I may say this even stronger as a bird dog owner who has had a few bad experiences which I credit to my lack of communication rather than the error of the mentee. These things exist for two main reasons: first and foremost, for the dog’s safety; and second, so that you the hunter actually get invited back.
Here are eight essential rules to follow unless the owner tells you otherwise.
Thou shall restrict muzzle control even further
Anytime I watch new videos pop up across social media I cringe at the lack of muzzle control around bird dogs. Yes, hunter’s education taught you that a muzzle pointed at the ground is safe, but that can change in an instant when a hunting dog is involved. Start practicing keeping your muzzle up at all times while still being mindful of the people around you. Keep that gun action open as often as possible, which may be easier with pointing dogs than with flushing dogs.

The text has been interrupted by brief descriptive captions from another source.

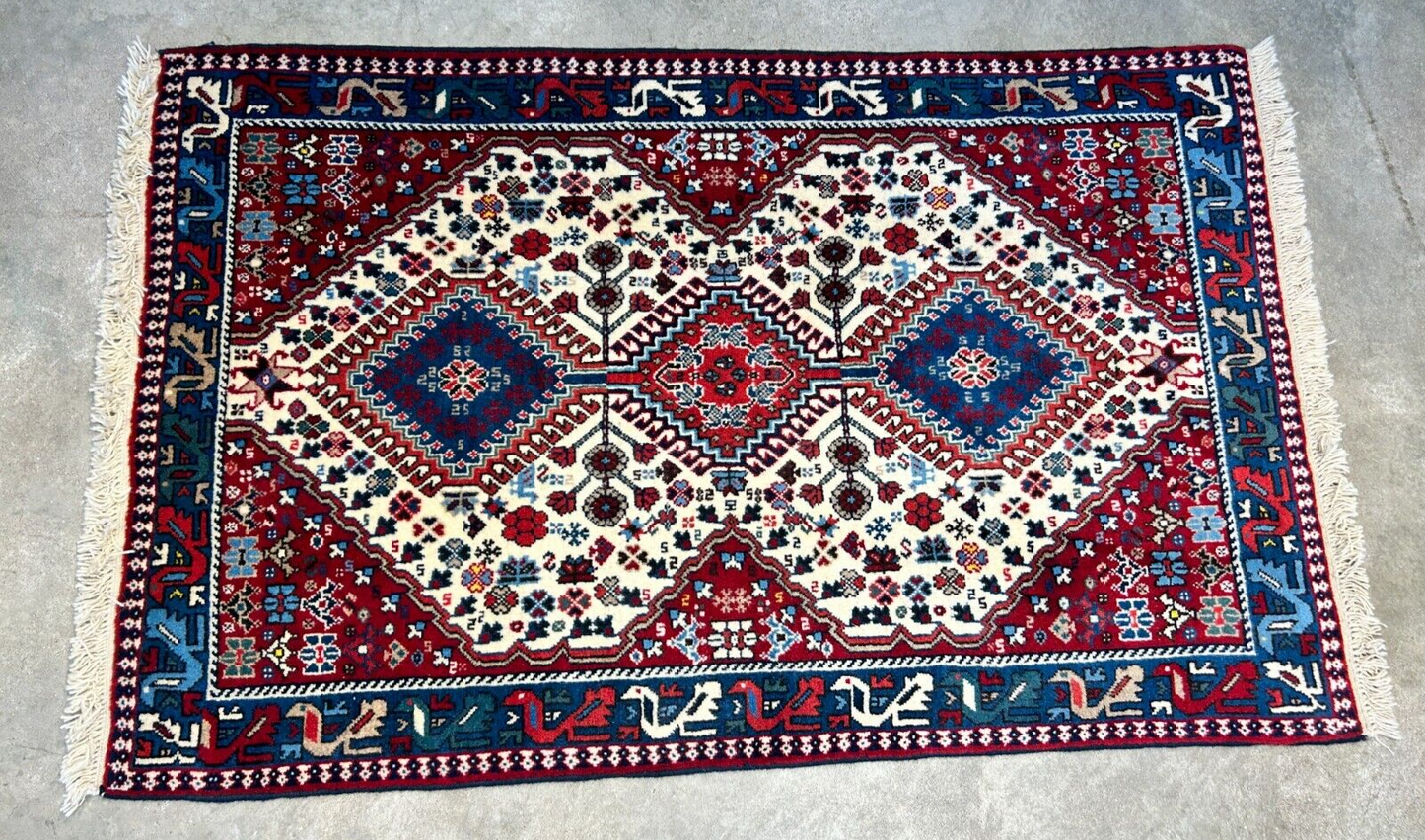 2'8"x4'3" Hand-Knotted 100% Wool Pile Yalamehe Carpet - Area Rug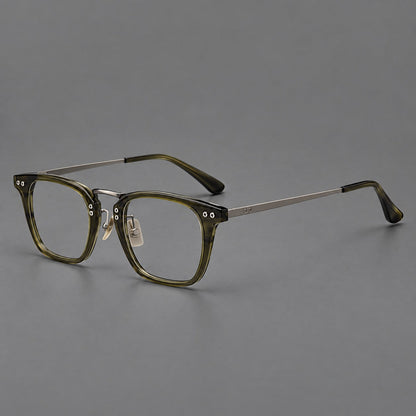 Acetate and titanium eyeglasses with soft square rims and an arched metal bridge in Army Green / Gunmetal, three quarter view additional product view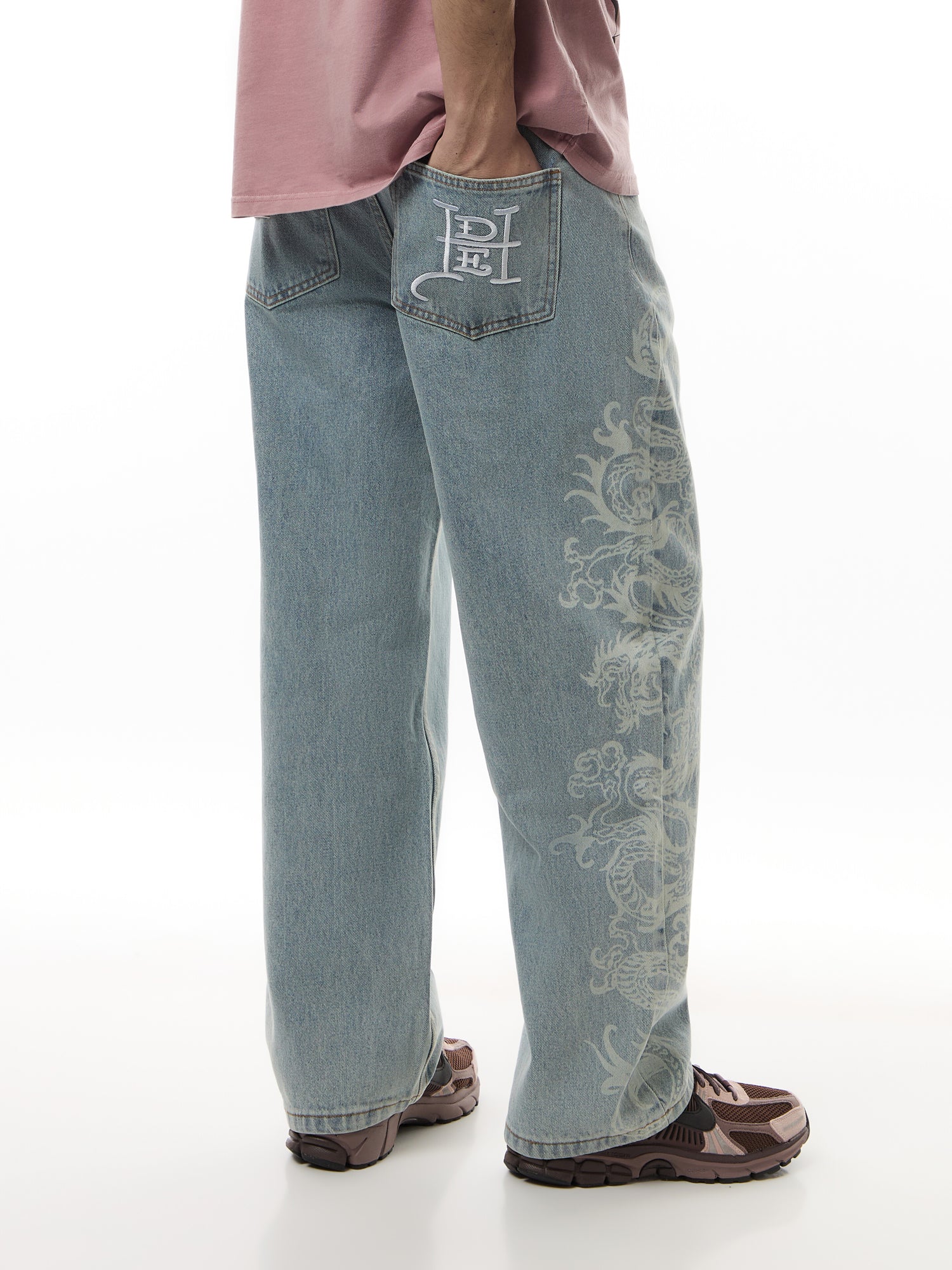 Laser Etched Dragon Repeat Denim Trousers Jeans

When approaching a point, the gun’s muzzle should always be ready at a level above the dog. If you approach a point with your gun shouldered but pointed towards the ground, you will often have to sweep the muzzle up through the dog in order to shoot. This is a very dangerous situation where safeties and trigger fingers are at their most vulnerable points. While the idea of pre-mounting a gun on a point is a whole other topic around poor instinctual wingshooting, at a minimum, low-mounted guns should always be avoided for the dog’s safety.
Thou shall not command another’s bird dog
Just as we would not discipline another person’s child or bark orders at them, the same principle is true with a bird dog. Sure, jumping up on us is one thing. But when a bird dog is working, we must stay out of that person’s vibe (even if it’s a bad vibe). In some cases, a handler may ask you to call a dog your way, or maybe help contain their dog for some reason. All that is fine given that we were actually requested in our actions.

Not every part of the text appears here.